Problem to solve:
Write the data below out again, unchanged.

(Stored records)
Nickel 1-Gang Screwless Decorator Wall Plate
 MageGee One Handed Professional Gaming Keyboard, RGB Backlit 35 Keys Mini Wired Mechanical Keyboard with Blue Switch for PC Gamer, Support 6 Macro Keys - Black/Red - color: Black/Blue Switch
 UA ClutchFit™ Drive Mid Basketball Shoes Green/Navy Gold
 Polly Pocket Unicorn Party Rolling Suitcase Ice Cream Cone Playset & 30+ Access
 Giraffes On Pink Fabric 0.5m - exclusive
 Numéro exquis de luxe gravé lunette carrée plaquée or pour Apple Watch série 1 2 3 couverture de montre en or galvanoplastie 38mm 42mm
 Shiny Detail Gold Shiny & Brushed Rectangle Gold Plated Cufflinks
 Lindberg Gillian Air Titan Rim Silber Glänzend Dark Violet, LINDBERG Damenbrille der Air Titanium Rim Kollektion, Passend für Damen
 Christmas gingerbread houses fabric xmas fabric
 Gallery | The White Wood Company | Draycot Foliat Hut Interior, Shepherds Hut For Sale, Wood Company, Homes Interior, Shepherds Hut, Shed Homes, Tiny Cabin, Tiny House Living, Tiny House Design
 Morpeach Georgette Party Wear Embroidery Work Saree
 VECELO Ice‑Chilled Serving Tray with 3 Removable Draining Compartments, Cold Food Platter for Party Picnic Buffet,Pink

Output of the task:
Nickel 1-Gang Screwless Decorator Wall Plate
 MageGee One Handed Professional Gaming Keyboard, RGB Backlit 35 Keys Mini Wired Mechanical Keyboard with Blue Switch for PC Gamer, Support 6 Macro Keys - Black/Red - color: Black/Blue Switch
 UA ClutchFit™ Drive Mid Basketball Shoes Green/Navy Gold
 Polly Pocket Unicorn Party Rolling Suitcase Ice Cream Cone Playset & 30+ Access
 Giraffes On Pink Fabric 0.5m - exclusive
 Numéro exquis de luxe gravé lunette carrée plaquée or pour Apple Watch série 1 2 3 couverture de montre en or galvanoplastie 38mm 42mm
 Shiny Detail Gold Shiny & Brushed Rectangle Gold Plated Cufflinks
 Lindberg Gillian Air Titan Rim Silber Glänzend Dark Violet, LINDBERG Damenbrille der Air Titanium Rim Kollektion, Passend für Damen
 Christmas gingerbread houses fabric xmas fabric
 Gallery | The White Wood Company | Draycot Foliat Hut Interior, Shepherds Hut For Sale, Wood Company, Homes Interior, Shepherds Hut, Shed Homes, Tiny Cabin, Tiny House Living, Tiny House Design
 Morpeach Georgette Party Wear Embroidery Work Saree
 VECELO Ice‑Chilled Serving Tray with 3 Removable Draining Compartments, Cold Food Platter for Party Picnic Buffet,Pink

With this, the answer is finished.